(StatePoint) If you’re like many people right now, you’re feeling a particular sense of urgency to roll up your sleeves and be a force for good.
“When we face difficult times, as we have during the pandemic and now with the war in Ukraine, we also see the best of humanity and it’s natural for people to want to help,” says Natalye Paquin, president and CEO of Points of Light, a nonpartisan, global nonprofit organization that inspires, equips and mobilizes millions of people to take action that changes the world. “During times of uncertainty, one thing we can be certain of is that the most powerful force of change is one person making a positive difference.”
That’s why this April, which is Global Volunteer Month, Points of Light is leading a joint effort with Phillips 66 and The UPS Foundation to activate individuals, nonprofits and corporate partners to recognize individual action and inspire more people to volunteer in their communities.

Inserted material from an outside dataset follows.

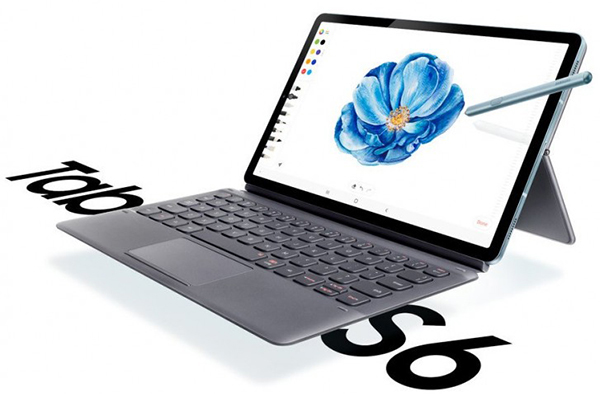 جزئیات مشخصات Tab S6 سامسونگ لو رفت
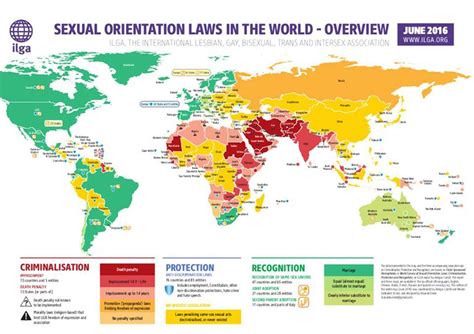 This Map Shows Which Countries Still Haven T Legalized Same Sex Marriage The Best Porn Website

“Throughout the pandemic and in recent months, we’ve seen powerful stories of everyday citizens rising to the occasion to support their local communities and those abroad,” says Paquin.
Volunteers can come from all backgrounds, be of all ages and help in countless ways. Let these amazing stories behind Points of Light’s Daily Point of Light Award honorees inspire you to action:
• 17-year-old Henry Morse of New Orleans helps run CultureAid Nola. “We are a no barrier, no stigma food distribution center that helps feed over 600 families a week.” Morse arrives at the center every Saturday at 5:30 a.m. and leads volunteers in packing and handing out food to members of his community. “I got involved in March 2020. It grew into something that I am extremely passionate about,” says Morse.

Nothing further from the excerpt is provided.